And then O’Malley asked Robertson to do the same for him.
She stood before this prince of the Roman Catholic Church, a prelate who is considered the closest American adviser to the pope, who has declared that the church can never allow women to be priests.
She traced a cross on his forehead and said the ritual words, a reaffirmation of baptism from the United Methodist hymnal: “Remember your baptism and be thankful.”
Robertson said she was so moved that she could hardly speak for hours afterward.
The moment was captured by archdiocesan photographer George Martell .
As Robertson left for the parish hall, choking back sobs, Martell said to the minister with a grin: “That was your 15 minutes.”
Indeed: Martell’s photo is bouncing around the Internet, eliciting condemnation from conservative Catholic bloggers, including from many who are critical of Pope Francis, who saw O’Malley’s gesture as a publicity stunt and an affront to Catholic teaching and tradition.
The Boston Catholic Insider, a blog written by anonymous Catholics, pronounced itself “stunned.”
“What a disgrace to our Holy Mother Church,” wrote one commenter. “Is there no limit to this man’s heresies?”
An orthodox Catholic blog called O’Malley’s gesture a “blatant, manifestly public repudiation of the sanctity of Holy Orders of the Catholic Church.”
But Michael Potemra, writing for National Review Online, disagreed, congratulating the cardinal for “doing ecumenism right.”

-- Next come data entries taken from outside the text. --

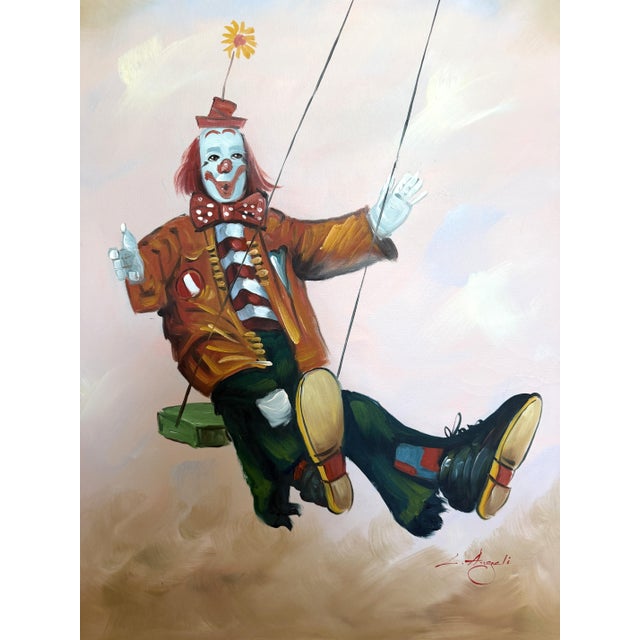 Figurative Late 20th Century Oil Painting Clown on Swing Signed L. Angeli Colorful Figurative Art Circus For Sale - Image 3 of 12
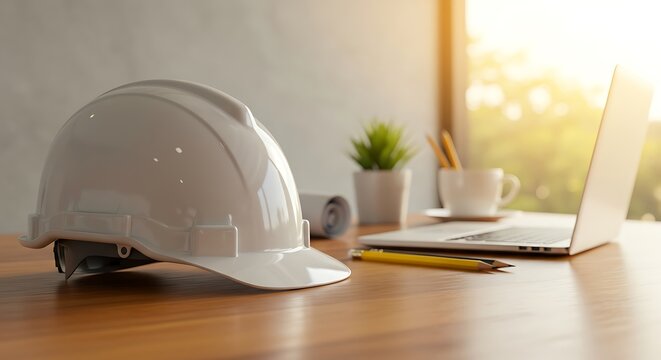 Hard hat on desk with laptop and coffee in bright office space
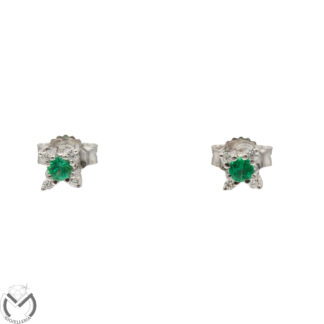 Orecchini oro bianco 18 kt 750 diamanti 0,05 ct smeraldi -417/VE-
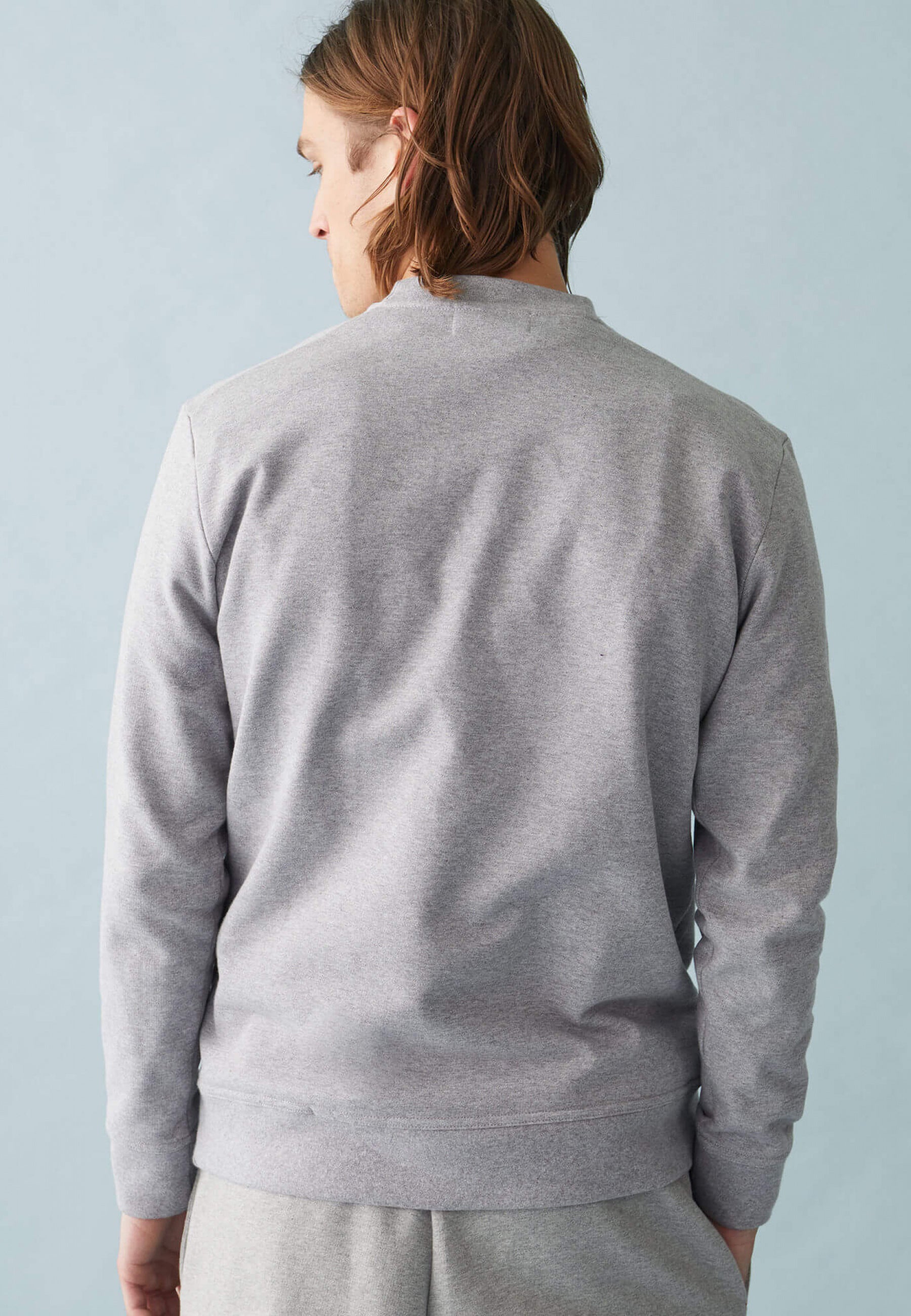 Sweat-shirt en molleton gratté-Barthe Gris Chiné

“O’Malley was showing that he believes that the prohibition of women’s ordination does not entail any disrespect for women,” he wrote.

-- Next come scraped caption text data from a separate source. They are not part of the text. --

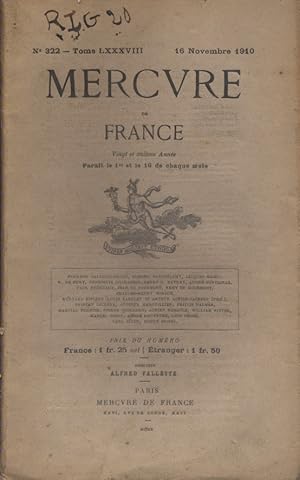 Immagine del venditore per Mercure de France N 322. 16 novembre 1910. venduto da Librairie Et Ctera (et caetera) - Sophie Rosire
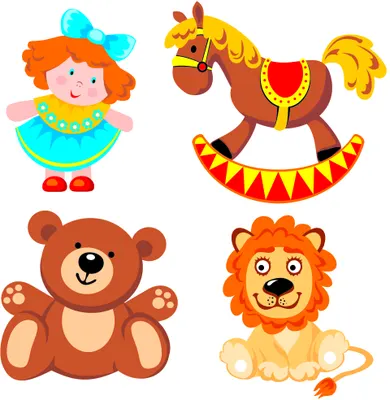 Four colourful toy illustrations arranged in a grid: a smiling doll with orange hair and blue bow, a brown rocking horse with red and yellow saddle, a sitting teddy bear in warm brown tones, and a friendly lion with an orange mane.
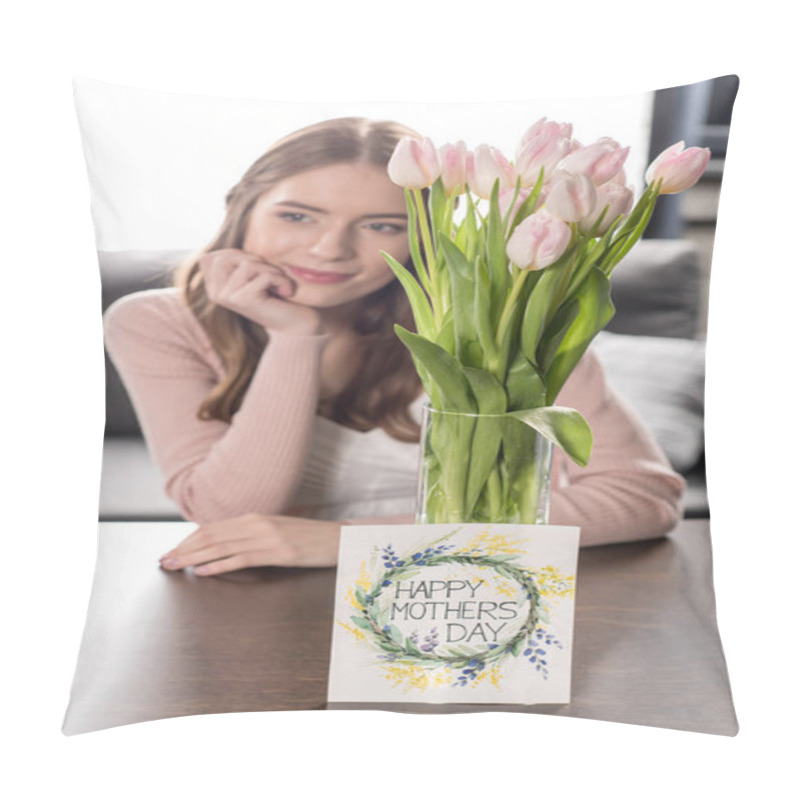 Personality  Woman With Fresh Flowers Pillow Covers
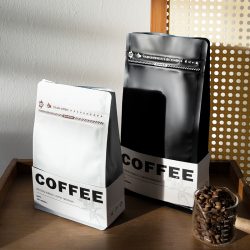 Custom Coffee Bags Seal Plastic Coffee Flat Bottom Coffee Bag custom pouches with logo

Some liberal Christians are praising O’Malley, suggesting his gesture might be another indication that under Pope Francis the church may be opening up.

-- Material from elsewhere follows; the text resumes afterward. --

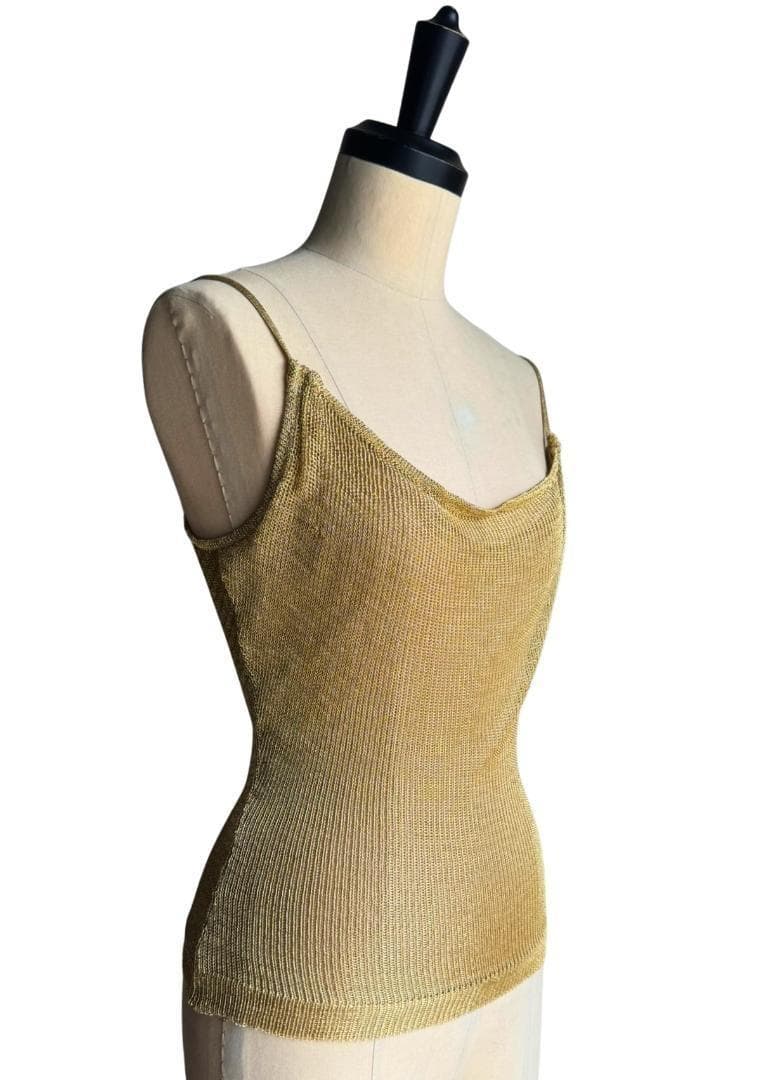 John Galliano Y2K ゴールド キャミ トップ 裏地付き サイズS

Others, including some friends of Robertson, who posted about the moment on a blog and on Facebook, feared that O’Malley might be getting too much credit.
“I respect Anne immensely as a person, and if it was really powerful and meaningful to her, I don’t want to take that away from her or from anybody else,” said the Rev. Tom Getchell-Lacey, pastor of the First United Methodist Church of Gilford, N.H., and a friend of Robertson’s.
But, in an interview, he compared the positive reception to O’Malley’s gesture to the great press Francis has been getting: “People are congratulating him for being just a decent human being.”
The archdiocese, which declined to make O’Malley available for an interview, downplayed the significance of the moment and said this United Methodist ritual did not violate Catholic teaching.
“It is not a blessing or a sacrament,” archdiocesan spokesman Terrence C. Donilon said in an e-mail. “It is a recalling of the grace of Baptism. Catholics do it every time they enter a church, by dipping their finger into the holy water font and making the sign of the cross.”
The ritual was chosen for the service because it fell on the Sunday that many Christians, including Roman Catholics and United Methodists, celebrate the baptism of Jesus.
O’Malley’s visit commemorated the 50th anniversary of Cardinal Richard J. Cushing’s visit to the same church to promote Christian unity.
Each of the hundreds of people who attended the service was invited to come to the front of the sanctuary and receive the baptismal blessing from O’Malley or Bishop Sudarshana Devadhar of the New England Conference of the United Methodist Church.
The Rev. Thomas Kopp, rector of St. Anselm Roman Catholic Church in Sudbury, accompanied Robertson out of the sanctuary to offer the blessing to those in the parish hall.
He said he was not at all surprised by O’Malley’s action.
“He has great respect for all the different religions and different ministers,” Kopp said. “He would never hesitate to ask them for their blessing, or whatever else they would be offering. But . . . this was simply an act of sharing a remembrance of our baptism and that we should live in the joy of that.”
Still, it stunned Robertson, the executive director of the Massachusetts Bible Society, an ecumenical organization that promotes Bible literacy and dialogue about the Bible.
She had been thinking, as she walked across the sanctuary, about the Catholics in the hall she was about to enter: Would they accept this “reaffirmation of baptism” ritual from a Protestant clergywoman? Would anyone want her blessing? “If you are a woman in ministry, you know what it’s like,” she said.
Robertson did not mean only outside of her own denomination. She recalled her first visit to her first church assignment, in Florida, in the mid-1990s, when the head of the church council confided that he did not believe women should be ordained and that his wife did not either.
He led her into the sanctuary and introduced her to a parishioner who was switching out the candles.
When Robertson offered her hand in greeting, the parishioner walked out and never returned.
And so O’Malley’s request felt validating.
“A simple basic act of inclusion from a cardinal to say, ‘Yes, we are in Christ together,’ ” she said, “it was just a powerful, powerful moment.”